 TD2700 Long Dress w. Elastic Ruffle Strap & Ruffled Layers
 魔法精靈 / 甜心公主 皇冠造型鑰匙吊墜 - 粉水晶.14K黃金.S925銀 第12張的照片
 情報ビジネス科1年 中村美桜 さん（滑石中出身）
☆ ☆ ☆ ☆
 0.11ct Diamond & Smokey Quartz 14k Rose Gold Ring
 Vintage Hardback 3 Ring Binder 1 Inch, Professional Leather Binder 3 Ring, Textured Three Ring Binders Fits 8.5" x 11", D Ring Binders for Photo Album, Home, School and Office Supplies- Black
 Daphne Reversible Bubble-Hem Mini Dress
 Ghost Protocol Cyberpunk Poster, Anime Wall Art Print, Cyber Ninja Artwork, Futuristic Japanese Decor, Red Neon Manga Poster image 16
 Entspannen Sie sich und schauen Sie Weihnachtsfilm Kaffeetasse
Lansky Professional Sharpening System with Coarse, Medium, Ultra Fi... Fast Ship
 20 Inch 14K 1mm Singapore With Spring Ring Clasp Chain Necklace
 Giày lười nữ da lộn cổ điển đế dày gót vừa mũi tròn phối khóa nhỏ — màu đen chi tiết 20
☆ ☆ ☆ ☆
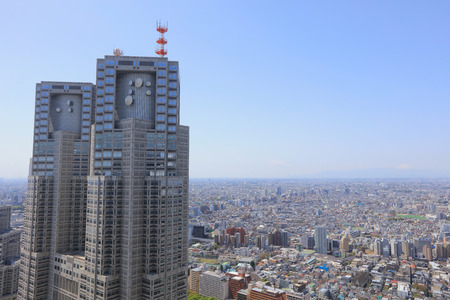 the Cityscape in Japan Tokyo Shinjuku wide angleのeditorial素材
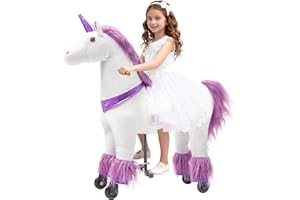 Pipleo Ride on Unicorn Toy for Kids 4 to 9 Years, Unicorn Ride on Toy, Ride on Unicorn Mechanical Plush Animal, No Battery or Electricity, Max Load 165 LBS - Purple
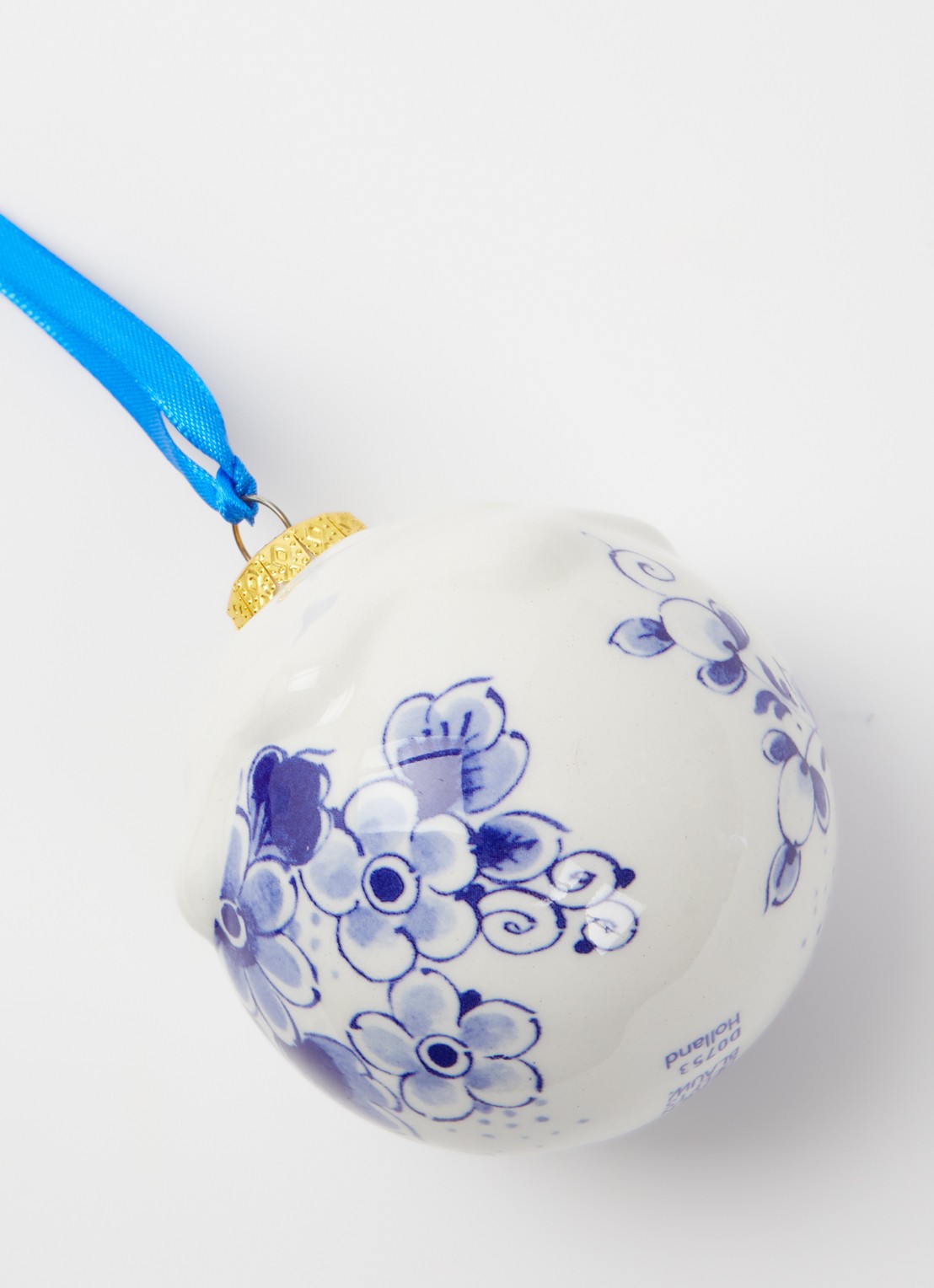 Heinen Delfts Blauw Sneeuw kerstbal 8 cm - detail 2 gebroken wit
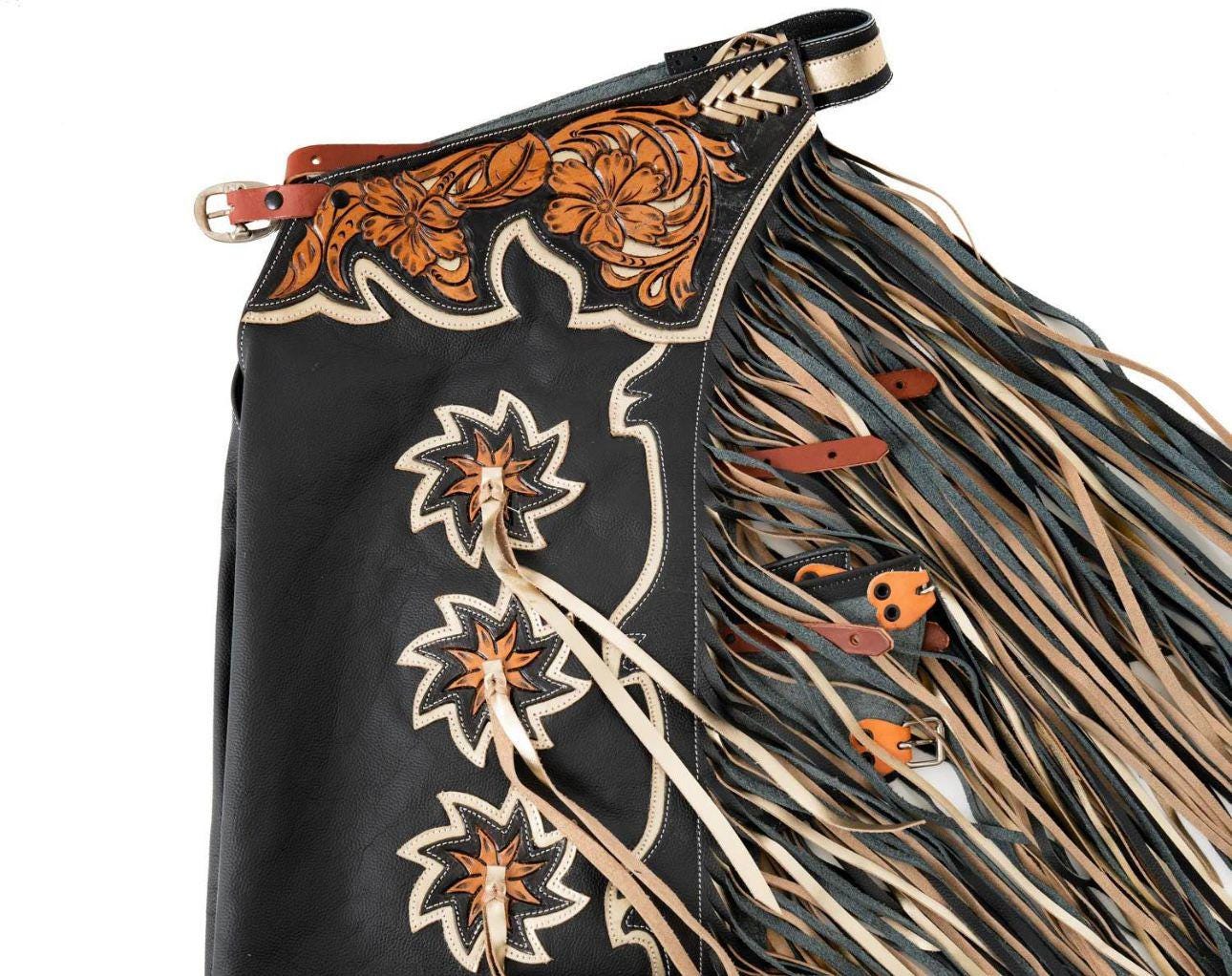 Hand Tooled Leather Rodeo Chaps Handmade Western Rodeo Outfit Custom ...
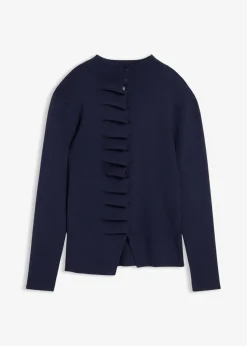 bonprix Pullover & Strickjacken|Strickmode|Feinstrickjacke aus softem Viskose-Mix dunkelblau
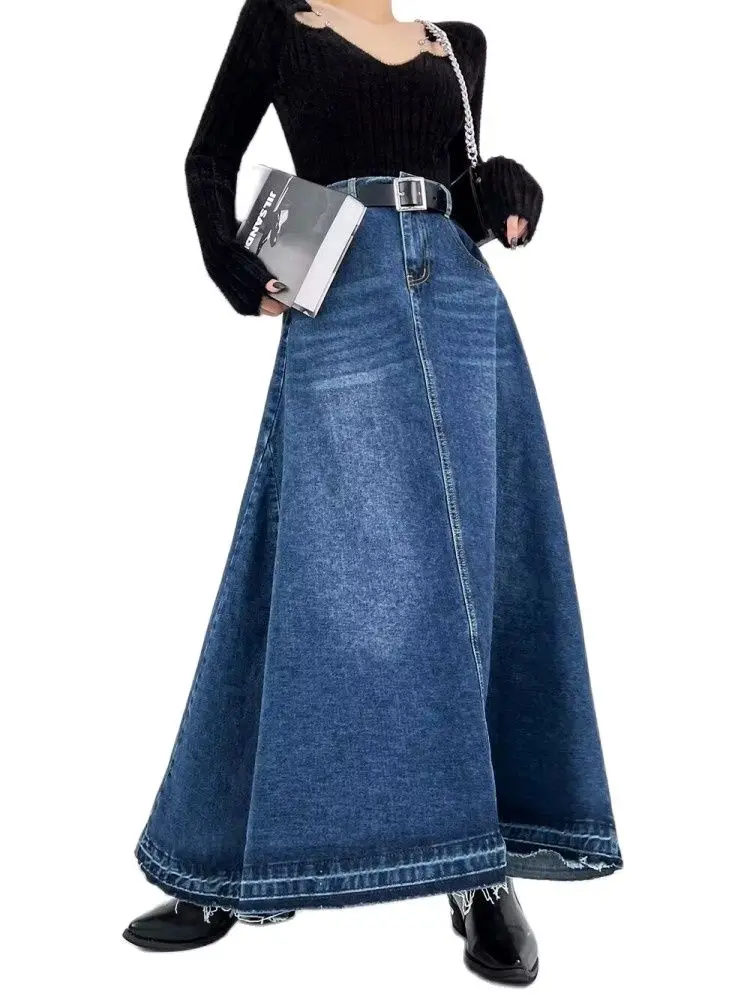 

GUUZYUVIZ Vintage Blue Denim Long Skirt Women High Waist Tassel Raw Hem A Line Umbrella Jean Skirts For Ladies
☆ ☆ ☆ ☆
Your assignment:
Beginning with the line above that contains "TD2700 Long Dress", copy each line exactly up to and including the line that contains "情報ビジネス科1年 中村美桜 さん（滑石中出身）", and go no further.

Exercise solution:
 TD2700 Long Dress w. Elastic Ruffle Strap & Ruffled Layers
 魔法精靈 / 甜心公主 皇冠造型鑰匙吊墜 - 粉水晶.14K黃金.S925銀 第12張的照片
 情報ビジネス科1年 中村美桜 さん（滑石中出身）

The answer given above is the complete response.